The Manning of the Royal Navy; Selected Public Pamphlets 1693-1873

By J.S. Bromley Copyright 1976
    476 Pages
    by Routledge

    476 Pages
    by Routledge

    How should the Royal Navy be manned? Was impressment the best answer to this question? Was the seizure of men off the streets by Press Gangs acceptable to a freedom-loving society? What was the alternative?

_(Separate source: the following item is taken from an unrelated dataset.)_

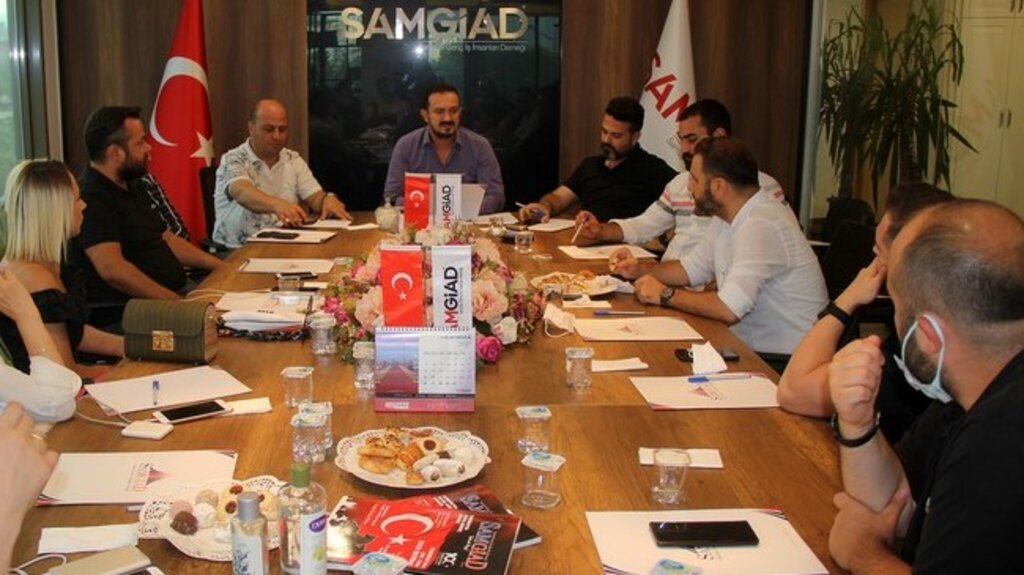 SAMGİAD’da Stratejik Planlama Çalışması Başladı!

    This issue provoked considerable debate, especially with reference to the Georgian and Victorian Navy, and attracted the attention, not only of naval officers to whom it was an essential matter of vital concern, but also of politicians, administrators, and influential voices in the City and the Press. Professor Bromley examines this important subject through the medium of twenty-five separate and complete pamphlets that were written and publicly circulated between 1693 and 1873. The authors of these pamphlets range from admirals, captains, commanders, lieutenants, and a naval chaplain to a City liveryman, a Middlesex JP, and celebrated philanthropist. Biographies of these authors are provided.

    Biography

    Born in 1913, John Selwyn Bromley was educated at Bedford School and at New College, Oxford, before serving briefly as a lecturer at the University of Liverpool before the outbreak of war. He joined the Civil Service and was Private Secretary to the Financial Secretary to the Treasury between 1941 and 1946. He was Fellow in Modern History at Keble College, Oxford, between 1947 and 1960, and Professor of Modern History at the University of Southampton, between 1960 and 1977. He published widely and is best known for Volume VI of the New Cambridge Modern History, published in 1970. He was a keen promoter of Anglo-Dutch historical studies, and initiated a series of conferences in this field; as a result, he was made a Commander of the Order of Orange-Nassau in 1976. He was elected an honorary Vice-President of the Society for Nautical Research in 1981, and died in Southampton on 17 April 1985, aged 71.